Isn’t this what is truly difficult for us to believe? Consider our response to the horrific terrorism of September 11. Can we conceive of any other response than our own form of sanctioned violence? That God might be calling us in Jesus Christ to another way to respond — isn’t that the toughest thing for us to believe in? Was Thomas having trouble believing that God’s Messiah would be crucified? Doesn’t that confront him, and us, with a completely unheard-of plan of salvation from our constant violence? Doesn’t he insist on seeing the nail prints and the mark of the spear because he is having trouble believing in a crucified one? How could one who seemed so powerless against the violence actually be the one who is saving us from it? If we want to truly be challenged by something in which to believe, try believing that there is ultimately a nonviolent way to stop violence. Can we believe there’s another kind of response to September 11 than to wield our full military might at terrorism? And that Jesus came to call us to that other way? Don’t more folks have greater difficulty believing in the latter than in Jesus being raised from the dead?
6. My 2002 sermon, “Dreaming of Peace,” is very much related to these reflections (especially #5) but was spurred on from a most unexpected source: I had a dream, on the Saturday night before preaching, of experiencing an execution. I awoke still shuddering from the revulsiveness of it and immediately began to connect it to Thomas’ doubt in this Gospel Lesson. I have never before had an experience of feeling like a dream was given to me by God, and it resulted in an unusually powerful preaching experience for me.

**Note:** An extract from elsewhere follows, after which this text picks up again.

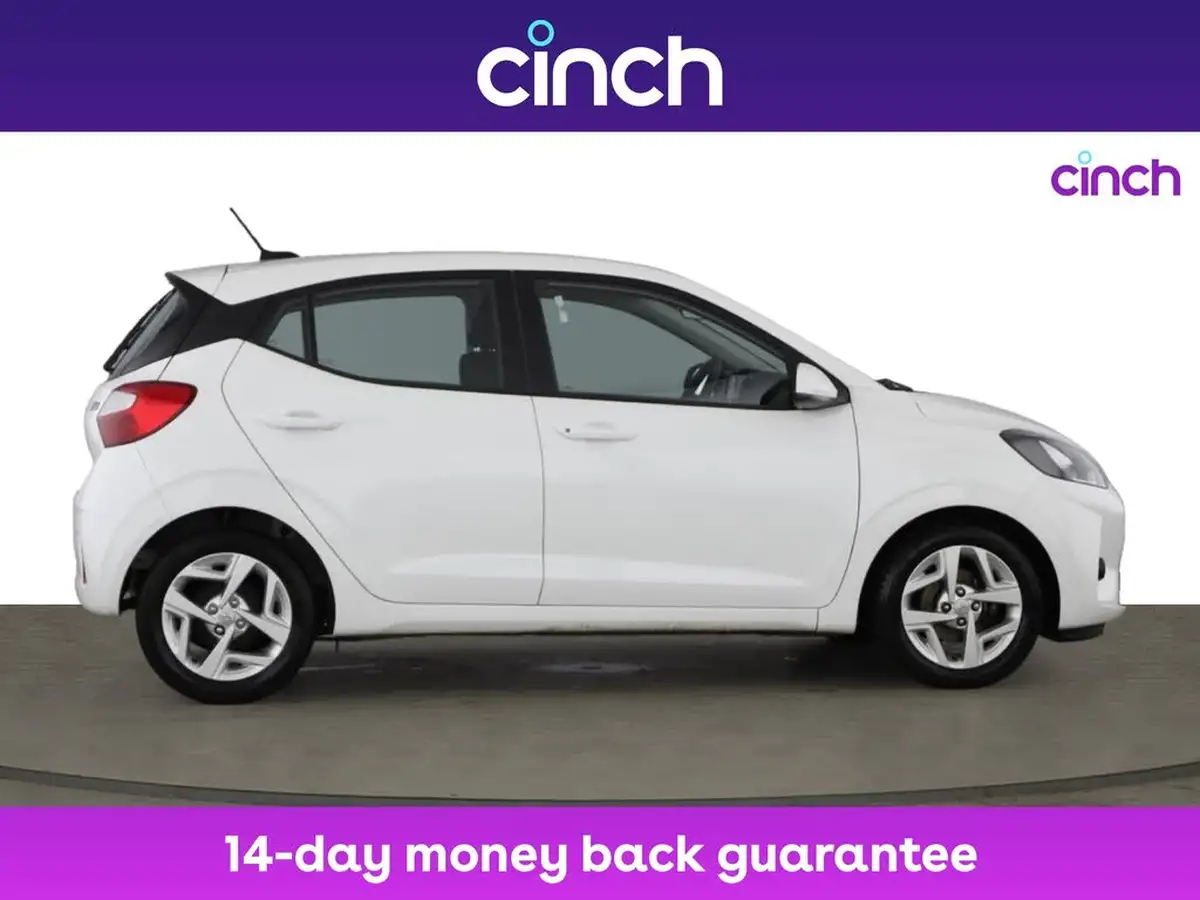 2021-hyundai-i10-12-se-connect-big-7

7. In 2004 I used the basic insight from the dream to craft a similar sermon but without relating the dream — titled “Doubting an Executed Messiah.” In 2016 I recrafted this sermon again, becoming more blunt about our human tendency to believe in sacred violence and to doubt any other responses to our enemy’s violence; and also putting it in the context of churches now closing in the U.S. they way have in Europe since post-WWI: the 2016 version of “Doubting an Executed Messiah.”